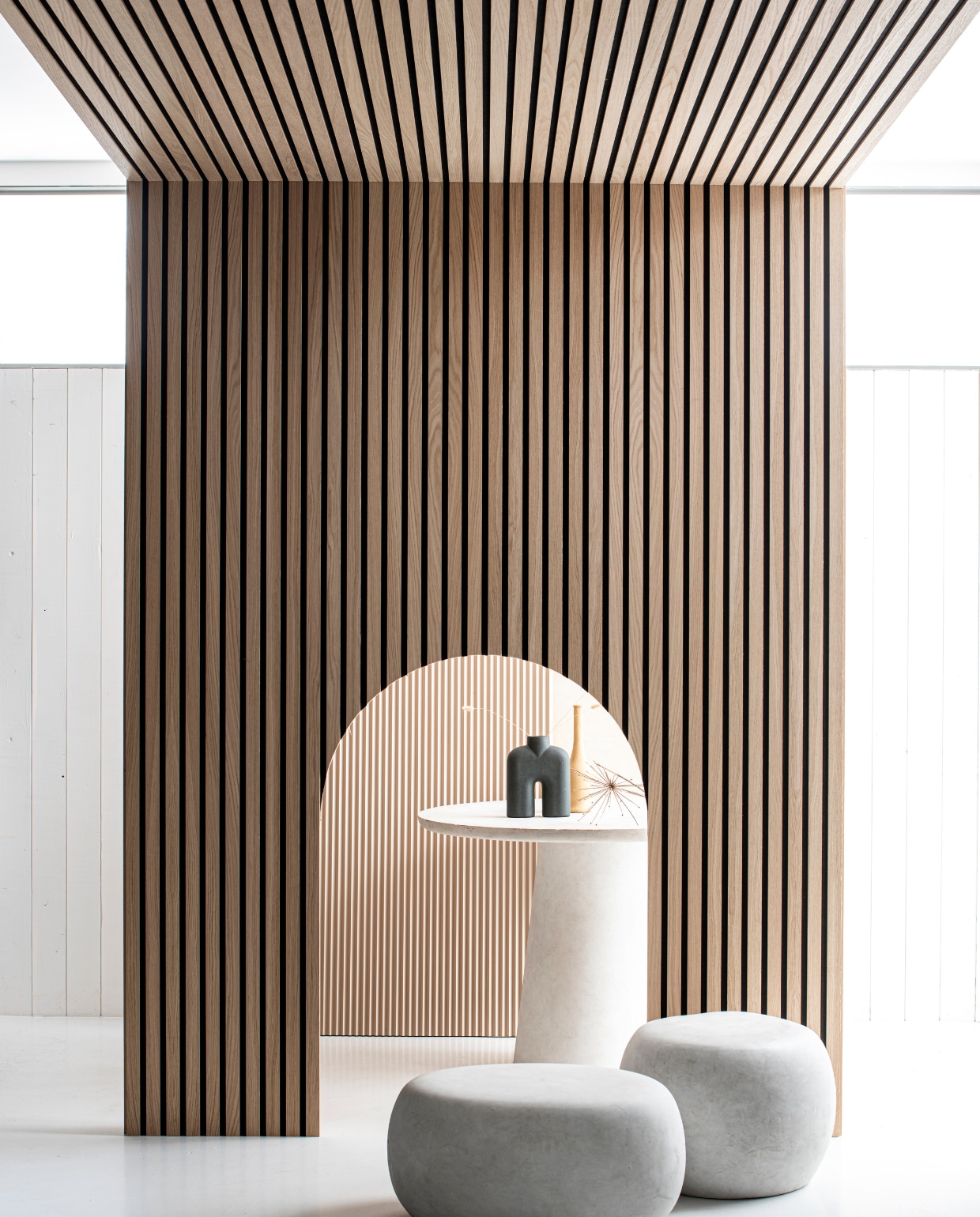 Op maat gemaakte akoestische wand- en plafondpanelen in eikenfineer, kleur/finish Nature met gerecycled vilt, 30x278 cm, (Wood-Lines). Bijzettafel Pebble betonlook wit, 31x65x49 cm (vtwonen via basiclabel.nl). Bijzettafel Pebble betonlook wit, 35x50 cm (hxØ] (vtwonen via basiclabel.nl). Eettafel Damon betonlook wit, 76x100 cm (hxØ] (WOOOD via basiclabel.nl). Vaas Cobra Tall Mini van 101 Copenhagen (Loods 5 Design). Zandkleurige vaas (privébezit). vtverbouwen vloer &amp; wand 2 2022 | productie &amp; styling Studio Marit Saladini | fotografie Louis Lemaire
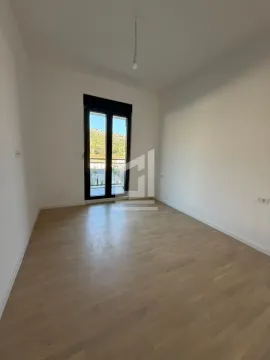 Prazna soba sa drvenim podom i balkonskim vratima. - image 3
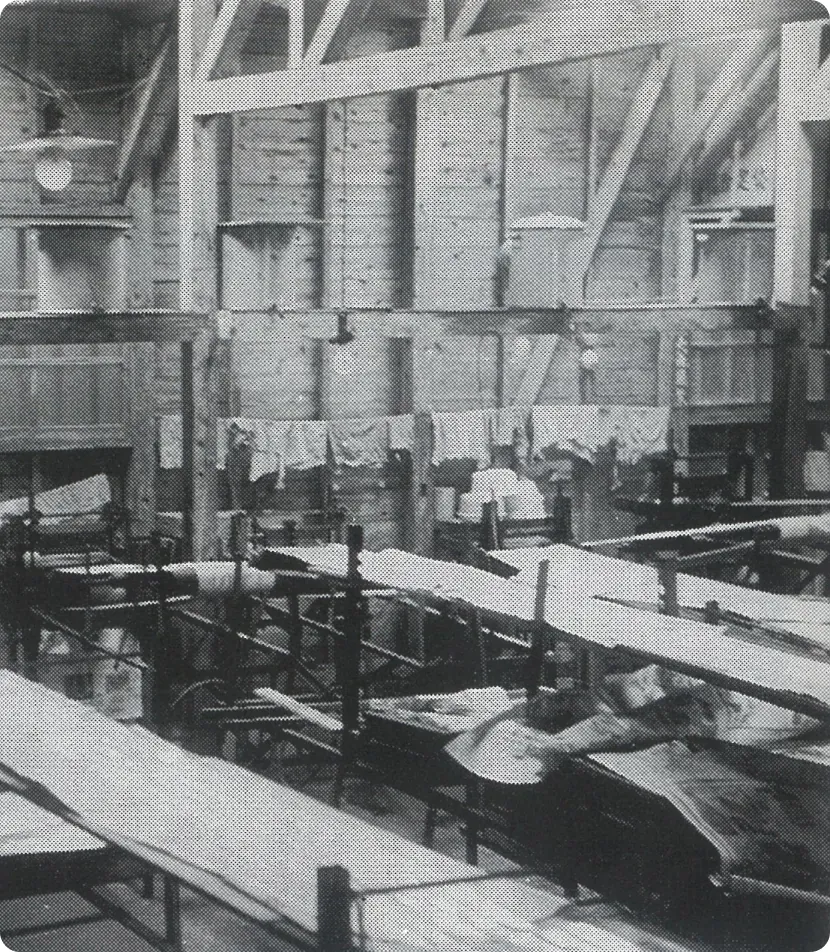 A black-and-white photo of the ASAHI SOGYO factory in its founding years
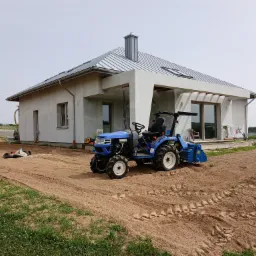 Niebieski mini-traktor z glebogryzarką na przygotowanym podłożu przed nowoczesnym domem z szarą blachodachówką, widoczne ślady opon na piasku i pozostałości trawy.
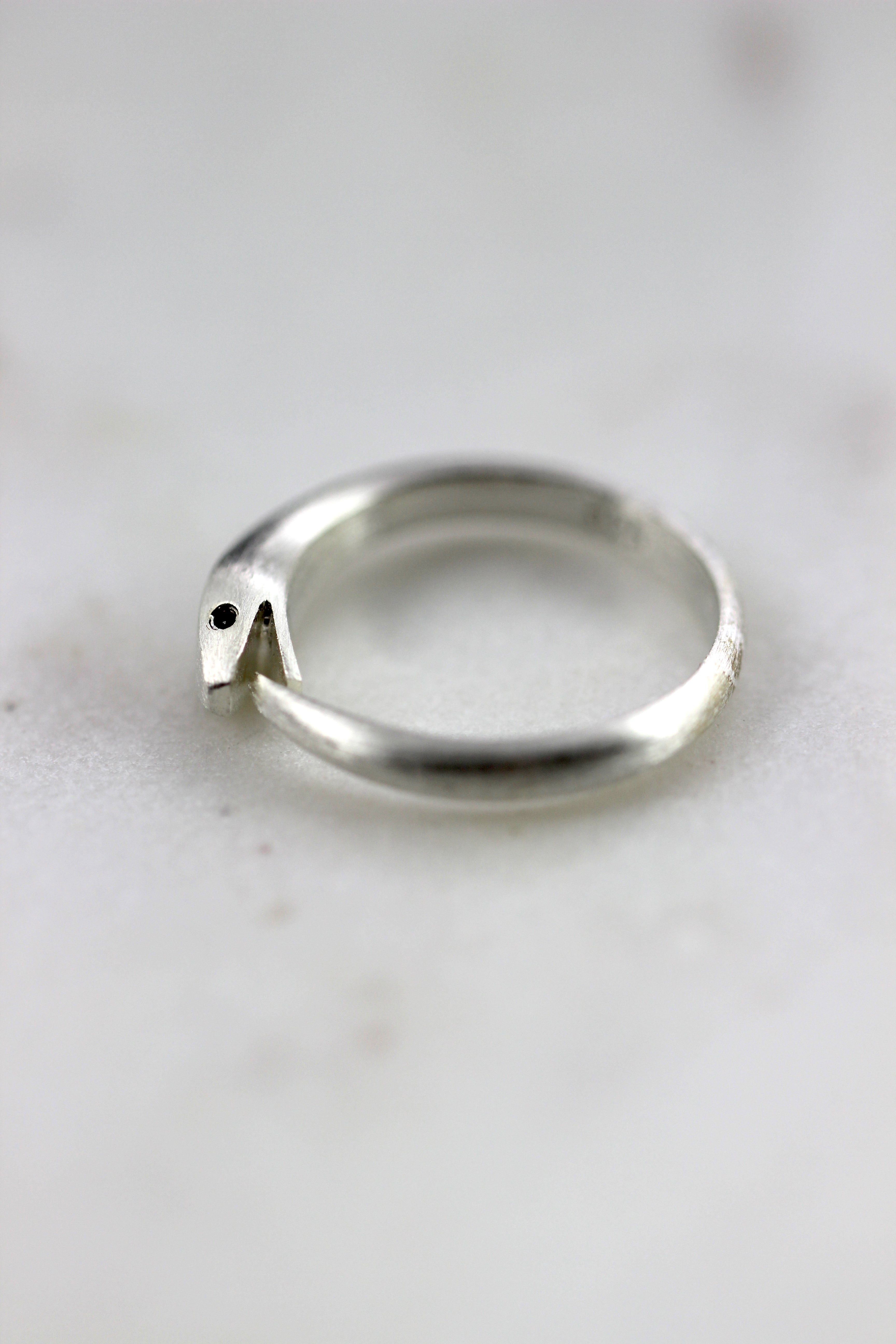 Our elegant sterling silver Ouroboros snake ring in gold, designed for symbolic and statement jewelry lovers.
-.-.-
How to complete this task: What to print is the stretch of entries from the line with "Prazna soba sa" up to and including the line with "A black-and-white photo". Please print it exactly and leave out the pictures.

Response to the task:
 Prazna soba sa drvenim podom i balkonskim vratima. - image 3
 A black-and-white photo of the ASAHI SOGYO factory in its founding years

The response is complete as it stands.